The International Finance Corporation (IFC) is preparing to invest in Zimbabwe for the first time in over 15 years, in a move Zimbabwe says is linked to re-engagement talks with global lenders that began over 15 months ago. The IFC is a World Bank affiliated organization which lends to private sector in developing countries.
The news comes as the International Monetary Fund (IMF) confirmed that Zimbabwe has met the third and final staff monitoring programme moving it closer to accessing soft loans from the global lenders for the first time since 1999. Zimbabwe, whose borrowing rights were frozen after it defaulted on arrears, has agreed to undertake an IMF monitored reform programme with a view to having those rights restored.
The IMF says Zimbabwe has met agreed reform benchmarks in the last stage of a 15 month long monitoring programme. The IMF and other global lenders froze loans to Zimbabwe in 1999 when the country defaulted on its arrears repayment.
Zimbabwe has assured the creditors that it will clear the 1.8 billion arrears by May this year. About this clearing of arrears, Demenico Fanizza who is the IMF Head of Mission says, “That will be a key step towards normalizing relations together, and with preparations of an ambitious economic programme, could prepare the ground for seeking financial support.”
It is unknown when the credit lines will be resumed, but in the past the IMF has said it could be in 2016. The IMF and World Bank want more assurances that the Zimbabwe’s economy is on a solid growth path that will allow the country to service old and future debt and cement support among international partners.
Zimbabwe’s mining and agricultural dependent economy is still weighed down by other uncertainties, including its land reform programmes and indigenization laws.

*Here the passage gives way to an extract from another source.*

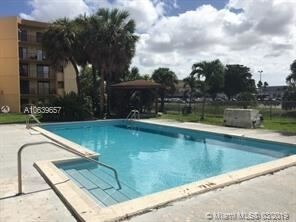 Building Photo - 2 br, 2 bath Condo - 1820 W 53rd St Apt 310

Farmers’ groups say 5000 whites, who lost their farms, are owed up to $10 billion in compensation. Zimbabwe says it will find ways to resolve challenges caused by taking over farms that had been protected by bi-lateral investment protection agreements.
Zimbabwe’s Finance Minister Patrick Chinamasa says, “In the heat of our revolution, that policy that we had put in place that bigger farms should not be touched was breached. If there are any farms that were settled, we will look at it on a case by case basis and look at an innovative way to settle it with the affected.”
The IMF says Zimbabwe needs to come up with an ambitious economic transformation programme to revive the economy.